Tag Archives: AI

“You Can Cheat on Reality”: Emeline Courcier on Her Immersive Artwork ‘Burn From Absence’

For her immersive artwork Burn From Absence, artist Emeline Courcier creates an archive where there was none. Using artificial intelligence, she recreates a family album, visualizing and verifying a history that has been hidden, documenting it from her perspective. In the four-channel installation, digitally created images illustrate an audio track layering her family members’ memories of life in Laos, the ‘Vietnam’ war, and new beginnings in France.

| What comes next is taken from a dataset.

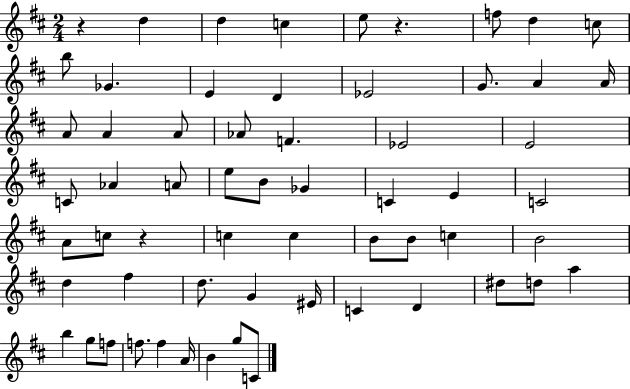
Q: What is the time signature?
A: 2/4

She produced it during an immersive residency at the Phi Centre in Montreal, which is also serving as the work’s distributor.

While AI usually mines and perpetuates the dominant narrative, Courcier completely upends that, building an archive that is a reckoning and a reclaiming and, despite its AI-creation, very real. After its premiere at IDFA last November, where it won the DocLab Special Mention for Digital Storytelling, Documentary spoke to Courcier about truth, archives, and working with deeply personal material.

Did you always intend to use AI to recreate these memories?

 I think using AI is really the core of the project, but how I treated it really evolved during the process.

In 2023, I had heard about AI, but never used it before. I was opposed to it at first, as a lot of artists were—but I was kind of curious at the same time, because what I like is the fact that you can cheat on reality.